# Knowledge distillation

This notebook explores knowledge distillation techniques on MNIST. Knowledge distillation is using a trained network to create a new network that is almost as good. The new network is traditionally much smaller than the input, making the tradeoff worthwhile.

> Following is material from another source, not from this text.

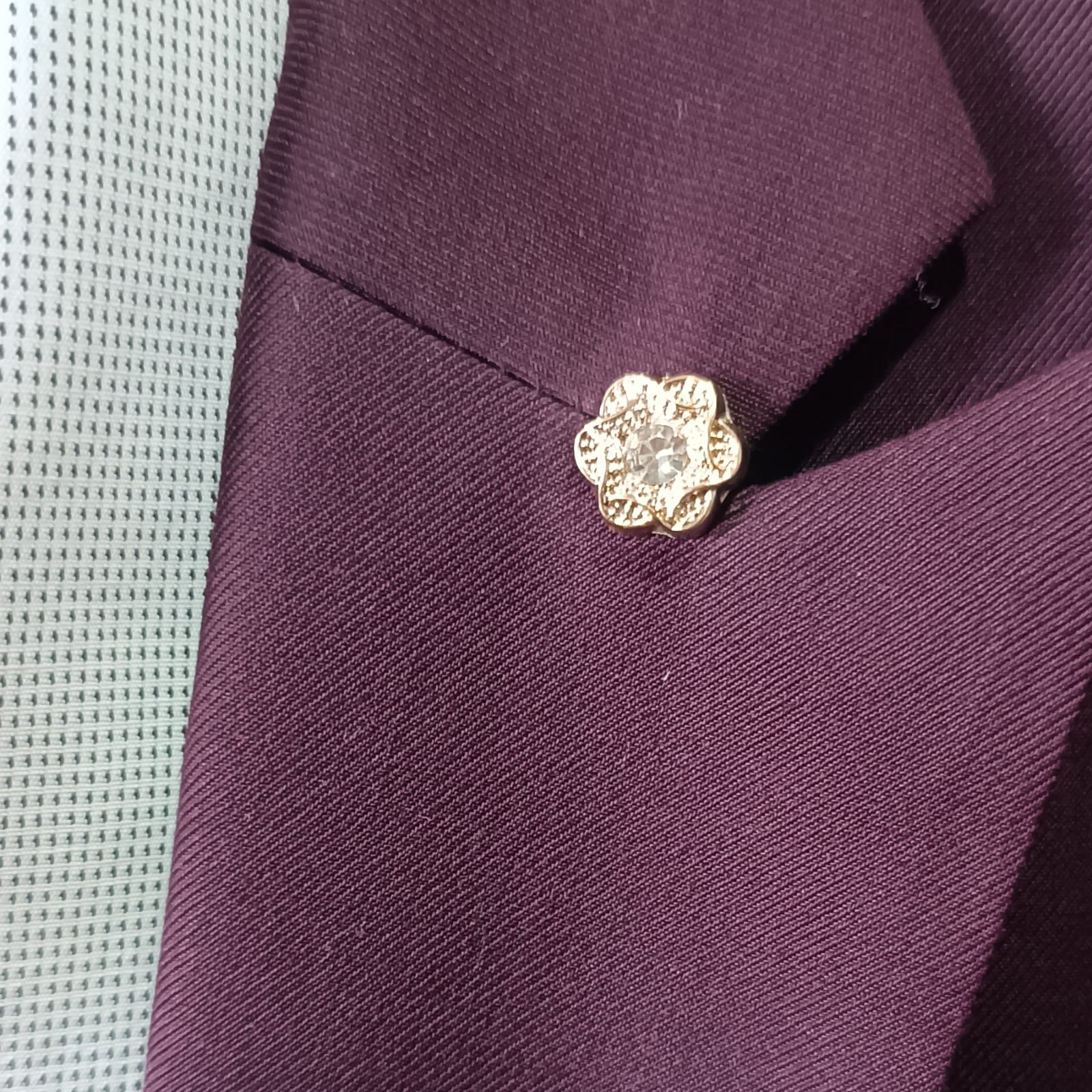 Pin de flor elegante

## Change working directory to project root

In [None]:
import os
ROOT_DIRECTORIES = {'dogwood', 'tests'}
if set(os.listdir('.')).intersection(ROOT_DIRECTORIES) != ROOT_DIRECTORIES:
    os.chdir('../..')

## Exploration

In [None]:
from pathlib import Path
import numpy as np
import matplotlib.pyplot as plt
import h5py
from sklearn.linear_model import LogisticRegression
import tensorflow as tf
from tensorflow.keras.datasets import mnist
from tensorflow.keras.models import Sequential
from tensorflow.keras.layers import Dense, Flatten
from tensorflow.keras.initializers import Constant, GlorotUniform

In [None]:
MNIST_IMAGE_SHAPE = (28, 28)
MAX_PIXEL_VALUE = 255
MODEL_SAVE_DIR = '/tmp/dogwood/mnist'

In [None]:
(X_train, y_train), (X_test, y_test) = mnist.load_data()
X_train = tf.cast(X_train, tf.float32) / MAX_PIXEL_VALUE
X_test = tf.cast(X_test, tf.float32) / MAX_PIXEL_VALUE
print(X_train.shape)
print(y_train.shape)
print(X_test.shape)
print(y_test.shape)

In [None]:
model = Sequential([
    Flatten(input_shape=(MNIST_IMAGE_SHAPE), name='flatten'),
    Dense(128, activation='relu', name='dense_1'),
    Dense(10, activation='softmax', name='dense_2')
])
model.compile(optimizer='adam',
              loss='sparse_categorical_crossentropy',
              metrics=['sparse_categorical_accuracy'])

In [None]:
model.fit(X_train, y_train, epochs=10, batch_size=32)

In [None]:
model.evaluate(X_test, y_test)

## Student trained on original features with model's labels

First let's train a student network using the model's output as labels.

In [None]:
y_student = tf.argmax(model(X_train), axis=1)
print(y_student.shape)
print(y_student[0])

In [None]:
student = Sequential([
    Flatten(input_shape=(MNIST_IMAGE_SHAPE), name='flatten'),
    Dense(128, activation='relu', name='dense_1'),
    Dense(10, activation='softmax', name='dense_2')
])
student.compile(optimizer='adam',
                loss='sparse_categorical_crossentropy',
                metrics=['sparse_categorical_accuracy'])

In [None]:
student.fit(X_train, y_student, epochs=10, batch_size=32)

In [None]:
student.evaluate(X_test, y_test)

So, we can successfully train a new network using the model's output as labels, and it performs well.

## Random labels

What if we train a student model on random data? Can that work?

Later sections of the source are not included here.